Adaptive, simplified design system colors

I’m a very intuitive person, and while I think I’ve developed good taste, I don’t usually know how to turn a blank page into something beautiful. I do, however, know how to turn a blank page into something functional.

Rather than attempt to develop my latent intuition with established theory, I generally prefer to build stuff, mess around, and try new things. I suppose you could say I’m more interested in mining new technical raw material that could be applied by a more sophisticated designer, should it prove useful. Kind of like how theoretical mathematicians develop theories in the hopes that they will someday see practical application.

I started building my ‘design system’ (which, honestly, hardly deserves the name) a few years ago when it became clear that I am cursed to always be working on way too many side projects. I didn’t want to have to reinvent the button every time!

Critically, this was also the time when I finally dropped my prejudice against utility class styling like Tailwind and, within a few weeks, completely repolarized to love it. Only Tailwind seemed too pedestrian… too easy… no, I made a snap decision to marry myself (and all my future projects) to UnoCSS.

Story made short: this was a good idea. So here’s some of the fun things I’ve built with it.

Token explosion

Something I’ve noticed about design to development communication is the capacity mismatch for color values between the two parties. Color token systems are often flattened hierarchies; it’s [colorName]-[number] and that’s all the semantic context you get. Trying to guess whether that light gray is 70 or 80 in the mockup is tedious and error prone. Designers may have ideas and opinions on this, but developers are often much less granular: both 70 and 80 are “lighter” tones and may as well be interchangeable.

To address this problem, some token systems use semantic names for different uses—like gray-bg-hover, etc. Take this excerpt from Shopify’s Polaris system color tokens:

A table of very similar grays assigned different color tokens like "--p-color-bg-surface-active"

This is better! Rather than risking a loss in translation between mockup and implementation due to developers not having a keen eye for color shades, designers have specified token use up-front.

Now, I’m not begrudging designers their colors. It’s their right and inclination to get really in the weeds with it. But when thinking about my own personal system, scrolling down the Polaris color token list had me questioning things. In fact I’ve never made it to the end of that thing. I did open console and count the number of table entries: 226 colors!

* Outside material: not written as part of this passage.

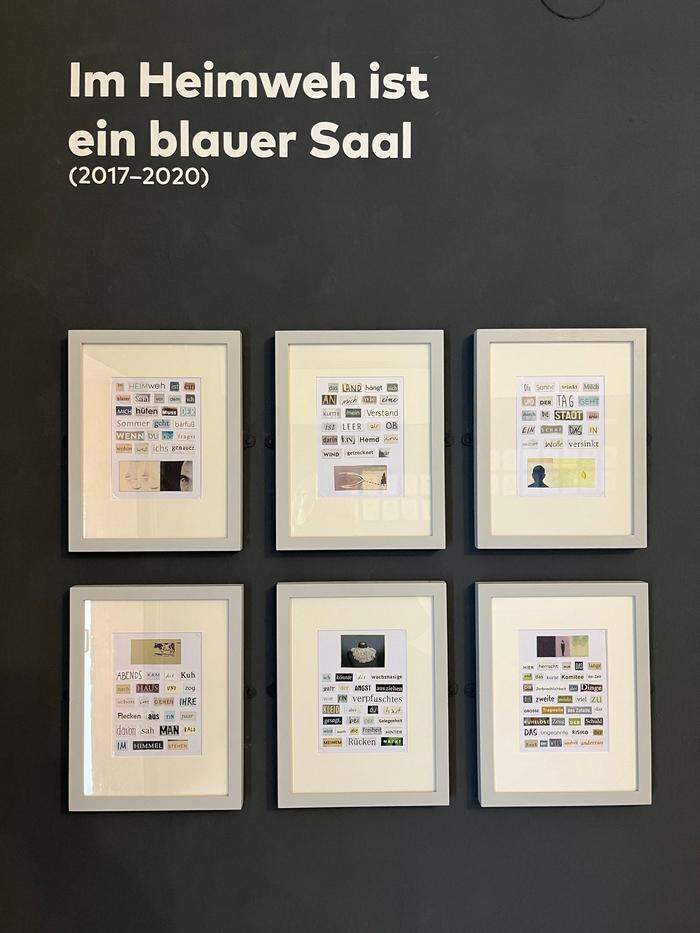 Zyklus „Im Heimweh ist ein blauer Saal“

Here’s my take: I’m fairly sure nobody would really notice the difference between many of these closer shades of gray if seen side-by-side. Of course, that’s not a fair critique, because these tonal changes are contextual. The difference between press and hover colors is meaningful only when you transition between them in response to a user action.

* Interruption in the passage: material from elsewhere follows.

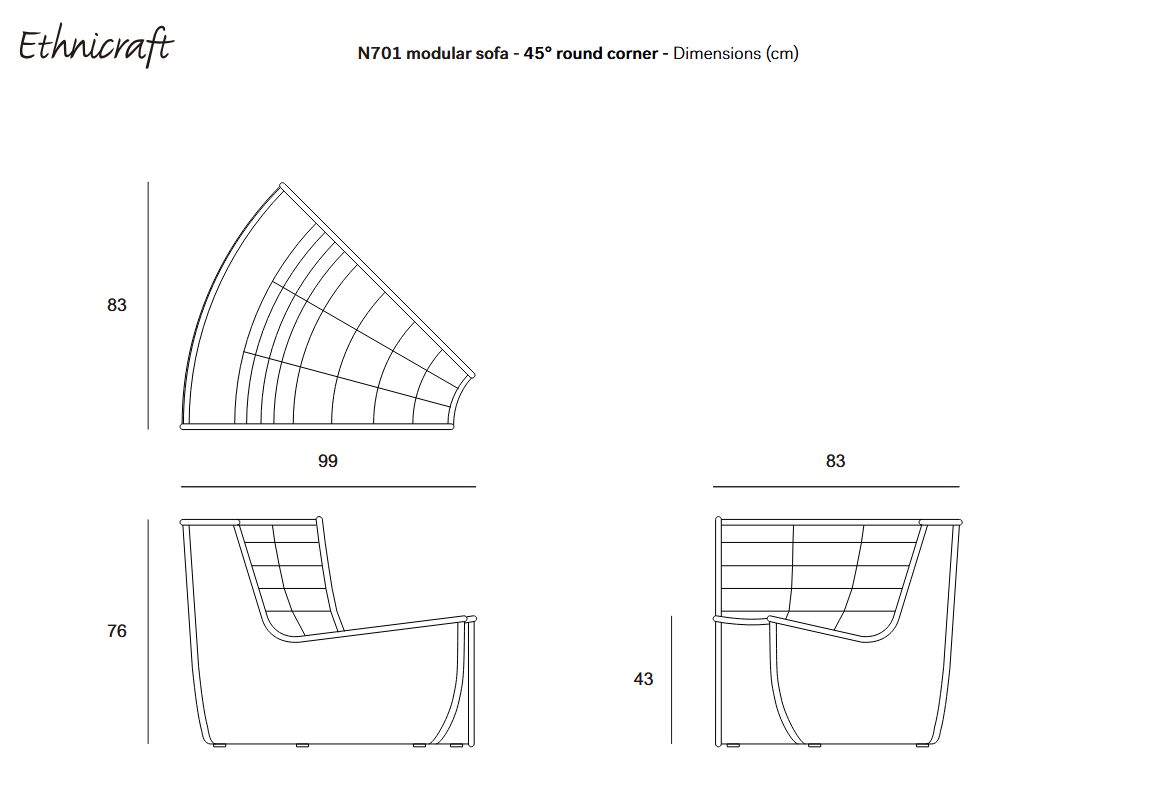 Ethnicraft N701 Modulsofa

However, by specifying all these colors as a flat list, we also flatten that context. I suspect that a lot of effort and thought is basically wasted navigating that loss of context! We are, essentially, unwrapping a single system rule of (e.g.) “background should get a tiny bit darker when hovering and darker when pressing” into 10s of individual tokens, each applied to different color ranges. This increases the complexity space of the tokens across two axes: count and token length. If we have N contextual color states (hover, pressed, etc), we require N * M tokens to represent them, and each token name must include at least one additional identifier (-hover, -pressed, and so on). If you look at Polaris tokens, you see this in action: hundreds of colors with multi-identifier names like bg-surface-secondary-active.

What if we didn’t flatten these contextual rules into token lists, but instead encoded them as rules within the system utilities?

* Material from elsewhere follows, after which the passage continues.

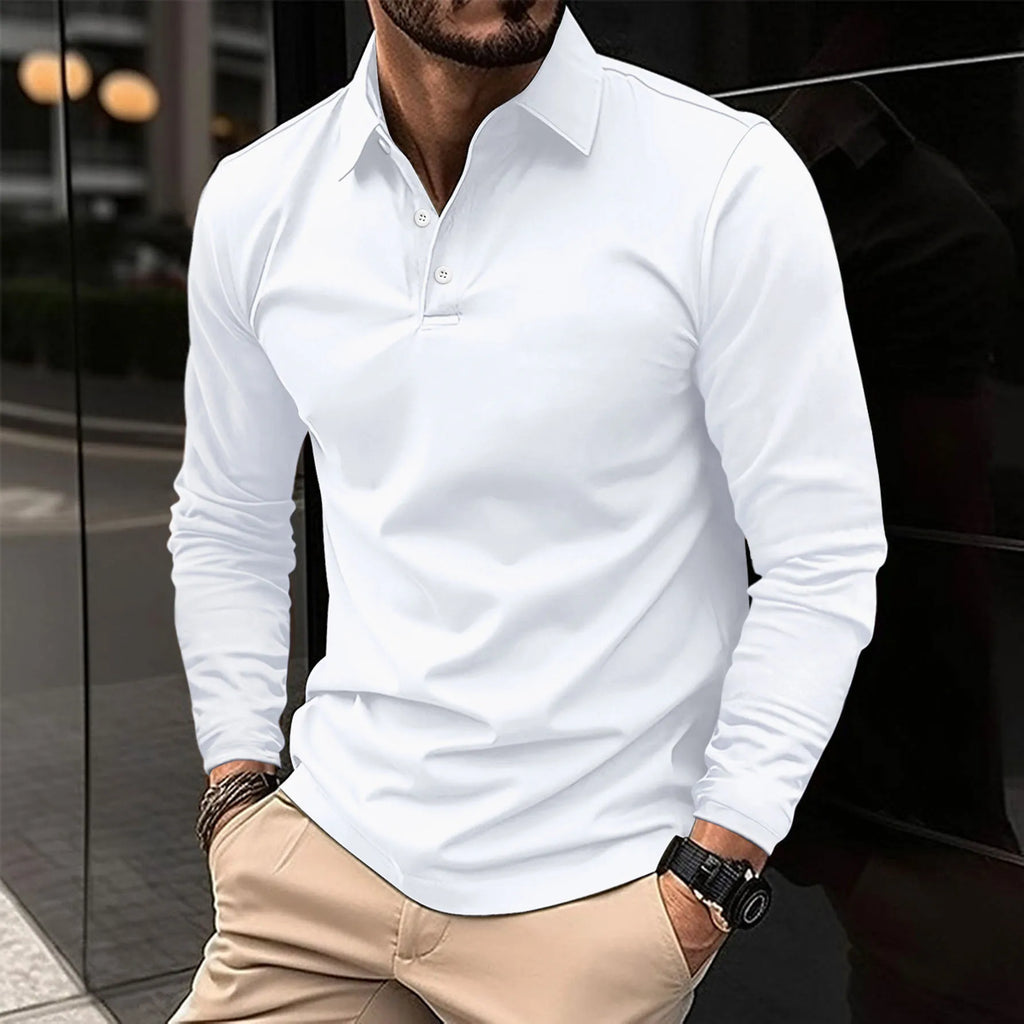 Long sleeve polo shirt - classic men's casual wear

-lighten and -darken utilities

After working with several design systems that experienced token explosion, I started to develop an idea for what I thought might feel better, as a developer: encoding color state rules as utilities, and minimizing the color palette range to a handful of easy-to-remember values.

Your toolbox looks something like this:

  • 5 palette values: wash, light, default, dark, ink
  • 2 tweak utilities: -lighten-[n] and -darken-[n]

With this combination, you can express various color states fairly succinctly:

const Button = () => (
	<button
		className={clsx(
			"bg-primary-light color-primary-ink",
			"hover:bg-lighten-1 active:bg-darken-1"
		)}
	/>
);

This is the same number of utilities as you’d use with named color tokens (i.e. hover:bg-primary-hover, etc), but the cool part is what happens when you do this:

// composing the prior Button, with a customized color palette
const AccentButton = () => (
	<Button className="bg-accent-light color-accent-ink" />
);

Unlike named color tokens, the color state rules automatically adapt to changes in the colors they are computed from! Our composing component doesn’t have to specify any hover or active state, it inherits the behavior of Button, while overriding its source values.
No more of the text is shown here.